[Input — start]
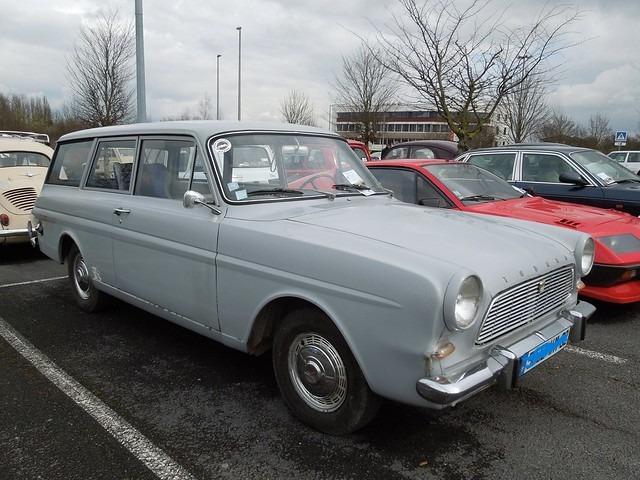 FORD 12 M P4 KOMBI - 1966 LesAnciennes.com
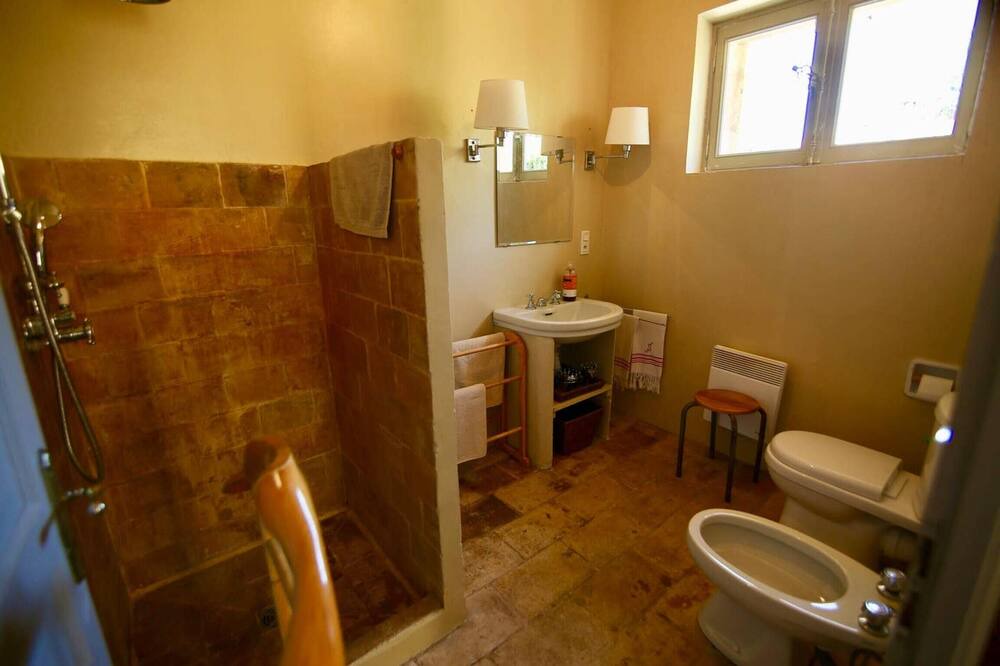 Photo of Bathroom in Marsillargues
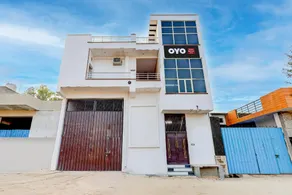 Hotel O by OYO NAMAN INN - Image 5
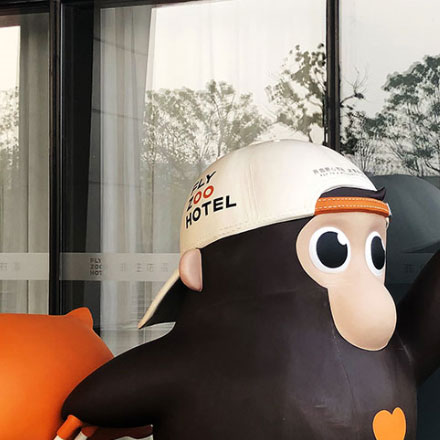 vi design  cross-culture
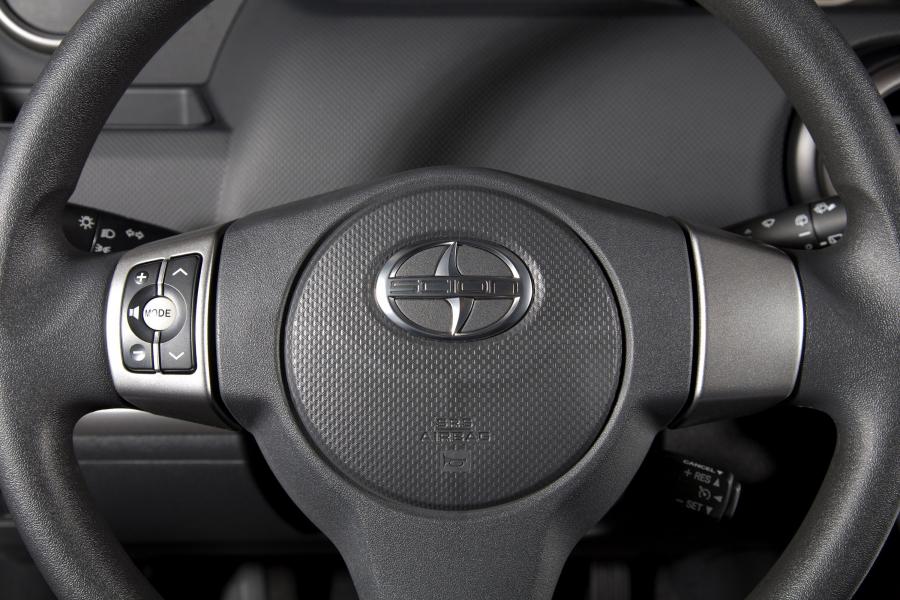  Scion xB 2011 года  (фото 38 из 58)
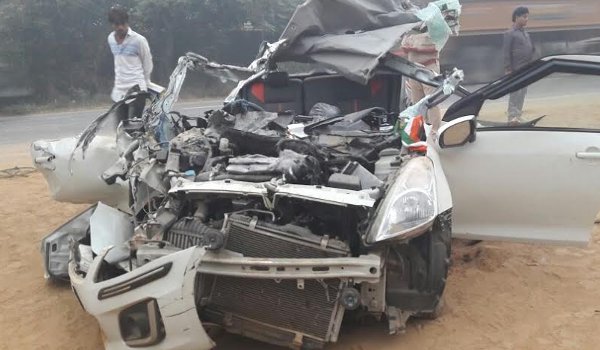 जींद में खड़े ट्रक से टकराई स्वीफ्ट कार, 4 युवकों की मौत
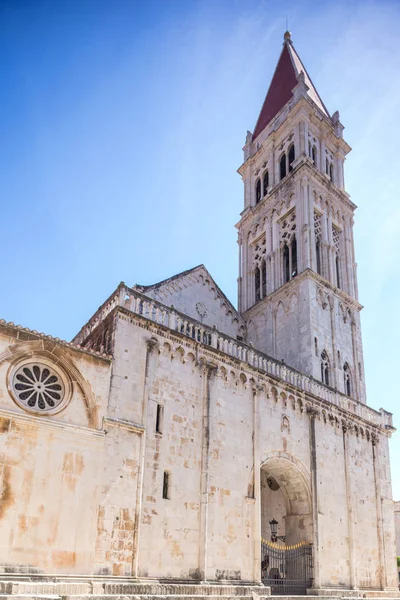 08 maja 2019, Trogir, Chorwacja. Katedry. — Zdjęcie stockowe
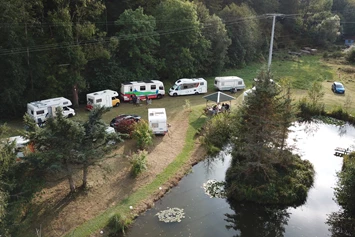 Wohnmobilstellplatz: Camperkolonne - Gästehaus Stein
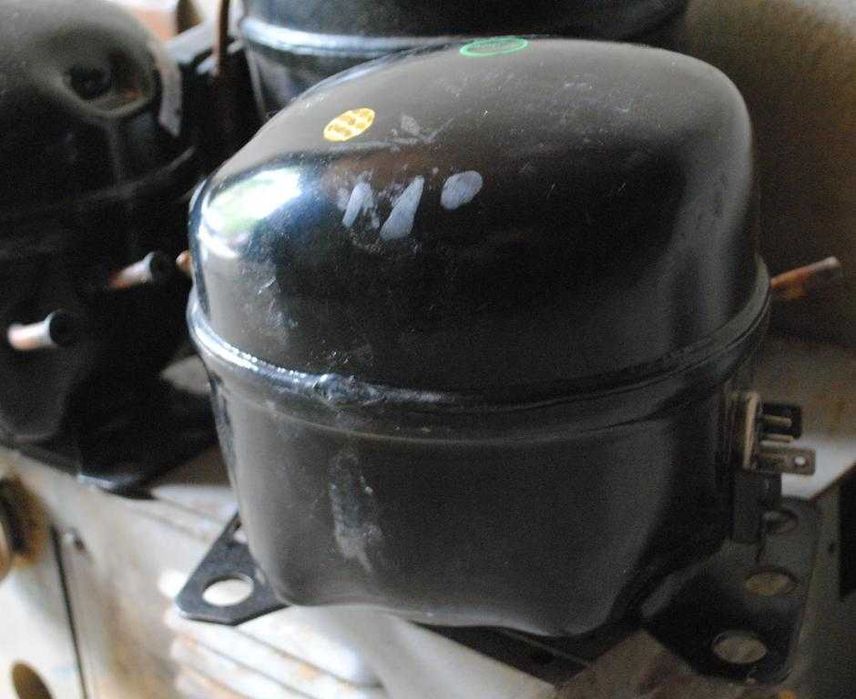 Компресор до холодильника Recop ADW86 R-134a в- во Австрія .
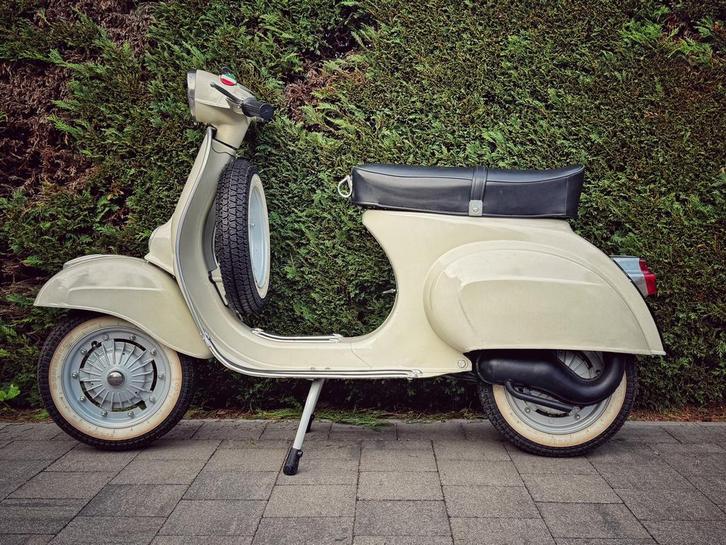 Vespa 50 cc van 1969 gerestaureerd en motorrevisie, Fietsen en Brommers, Scooters | Vespa, Ophalen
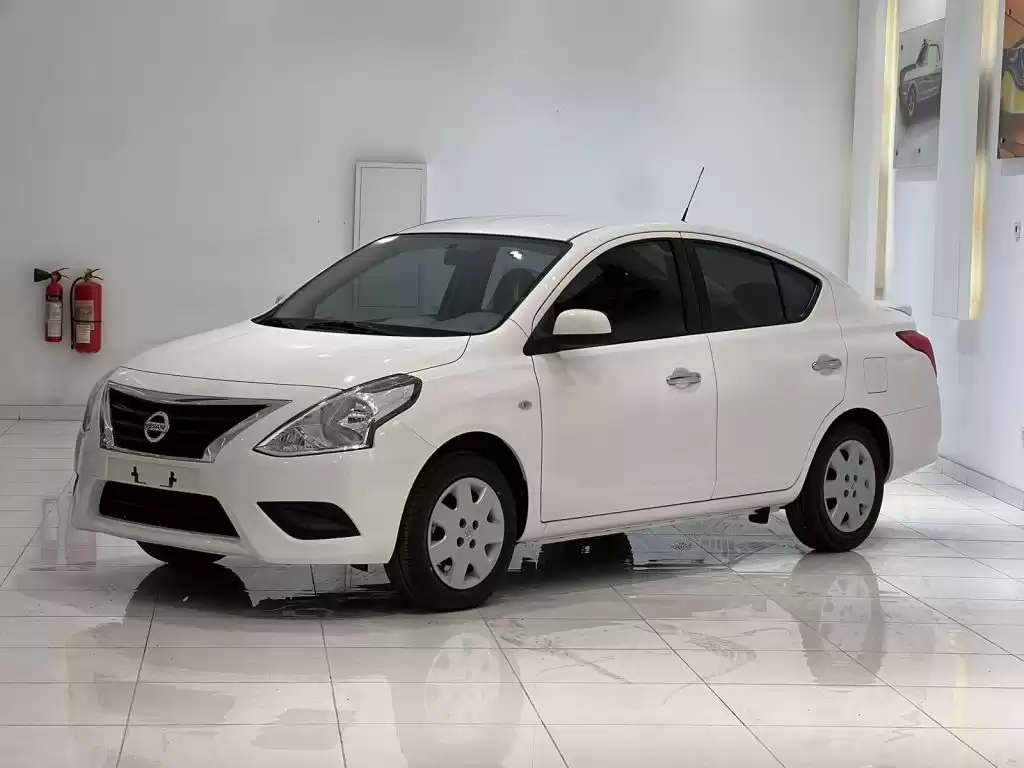 مستعملة Nissan Sunny للبيع في الرفاع ,  المحافظة الجنوبية #34286 - 1  صورة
[Input — finish]
*How to complete this task*
Starting at the line that contains "Компресор до холодильника", reproduce exactly and only the lines through the end of the entries above, with the pictures excluded.

*Solved exercise*
 Компресор до холодильника Recop ADW86 R-134a в- во Австрія .
 Vespa 50 cc van 1969 gerestaureerd en motorrevisie, Fietsen en Brommers, Scooters | Vespa, Ophalen
 مستعملة Nissan Sunny للبيع في الرفاع ,  المحافظة الجنوبية #34286 - 1  صورة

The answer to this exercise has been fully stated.